The answer may not lie in Romney’s record as Massachusetts governor, in his much-discussed years running the private-equity firm Bain Capital or even in his someday-to-be-revealed tax returns. To uncover the authentic Romney, the richest clues may be found in the years he spent at corporate consulting firms straight out of Harvard’s business and lawschools.
This was Romney in his late 20s and early 30s, working for the Boston Consulting Group and Bain & Co., when he became fluent in the language and principles of modern business, a cutthroat world where the only way to thrive is to analyze your business model from every possible angle, keep your operations ruthlessly lean and serve one master above all else: the shareholder.
On the campaign trail, Romney has weathered criticism for some supposed gaffes he’s made — “corporations are people” and “I like being able to fire people who provide services to me” are the most prominent. But these are not simply unfortunate slips of an overtired campaigner; they may reveal the real Romney. Far from backing away from them, he’s dug in. “Corporations are collections of people that are trying to have good jobs for themselves and promote the future,” Romney said while campaigning in New Hampshire, five months after uttering the original quote.
Even his insistence on having the leeway to fire people is not a one-time, isolated statement. In his 2010 book “No Apology,” Romney bemoans unions that make it tougher for employers to lay off workers: “Unfortunately, some union CEOs are less concerned about an industry’s competitiveness than they are with how many of their union’s jobs they can protect.”
The comments have been decried as tone-deaf, but they may reflect Romney’s background in the peculiar world of corporate consulting.
A generation of consultants, beginning in the 1960s, turned business into a science. The Boston Consulting Group created “the growth-share matrix,” which helped corporations divide their business units into “stars,” “cash cows,” “question marks” and “dogs.” Meanwhile, Bain pioneered a rigorous way of comparing a client’s methods with those of its competitors; the firm went so far as to send Freedom of Information Act requests to the government to learn about its clients’ rivals, according to the book “The Lords of Strategy: The Secret Intellectual History of the New Corporate World” by former Fortune magazine managing editor Walter Kiechel.
For these consultants, there was no business problem that couldn’t be solved through empiricism and smarts.

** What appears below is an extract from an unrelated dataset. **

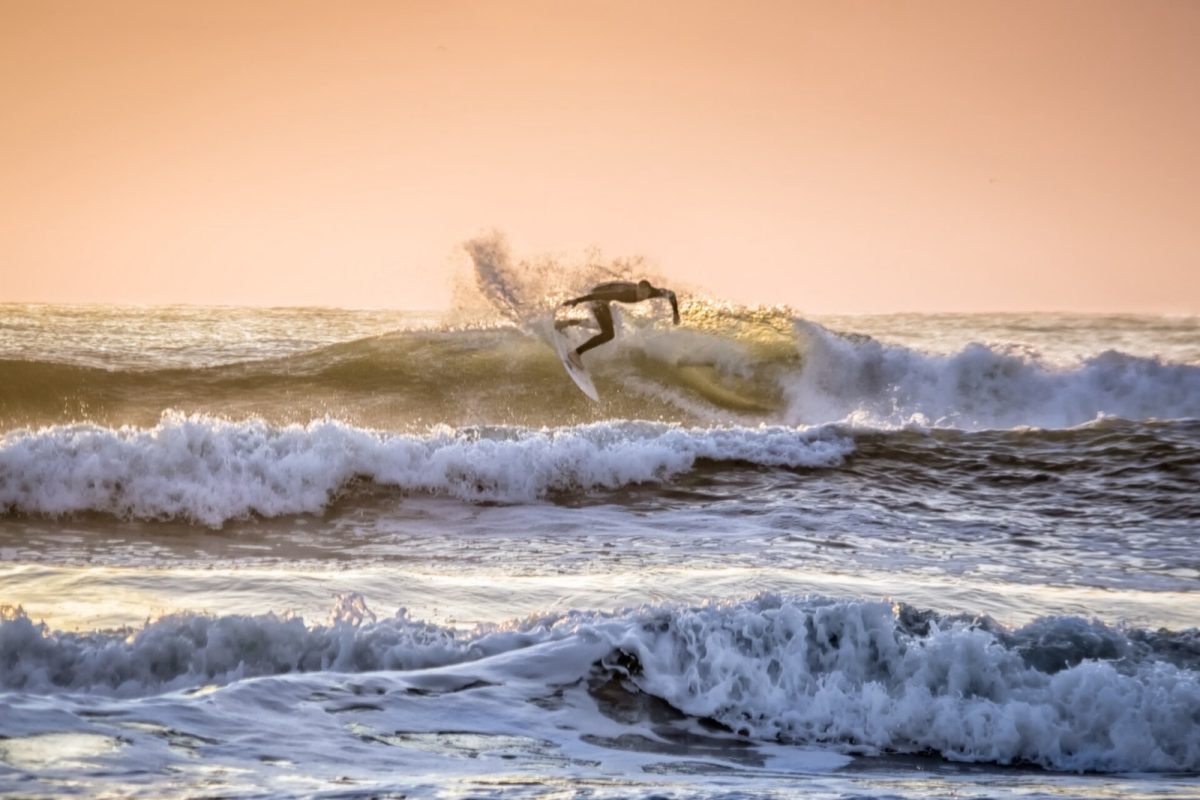 A surfer rides a wave at sunrise near the Jacksonville Beach Pier (file photo).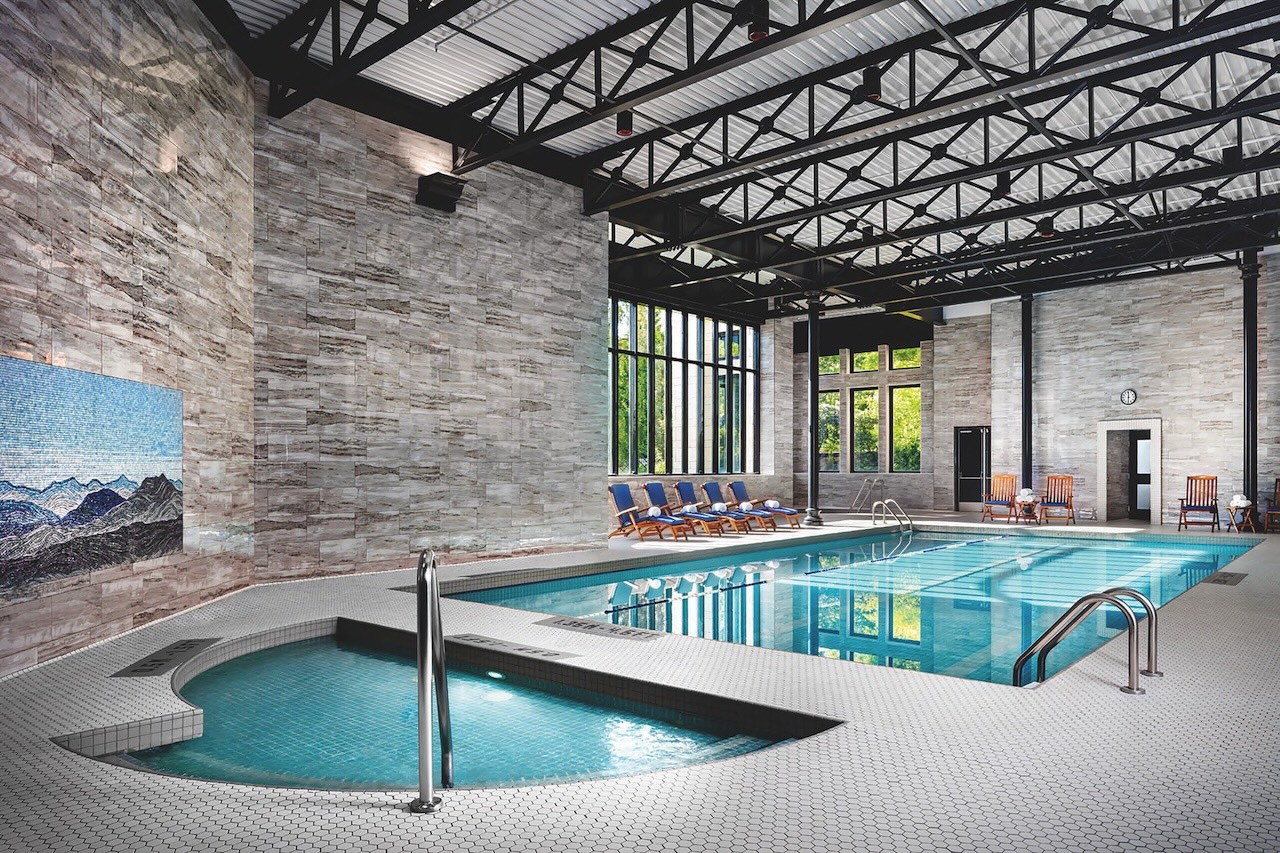 Indoor swimming pool at Fairmont Empress featuring elegant design, lounge chairs, and large windows for natural light.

The methods of Bain & Co. led directly to Bain Capital, which Romney helped start with two other Bain partners in 1984. Bain’s leaders thought that instead of being paid fees to fix companies, the firm could make even more money investing in companies, improving them — and then cashing out. Bain Capital’s methods would forever change the private-equity industry. These firms routinely act more like consultants now, developing expertise in certain industries and getting into the guts of a company’s operations.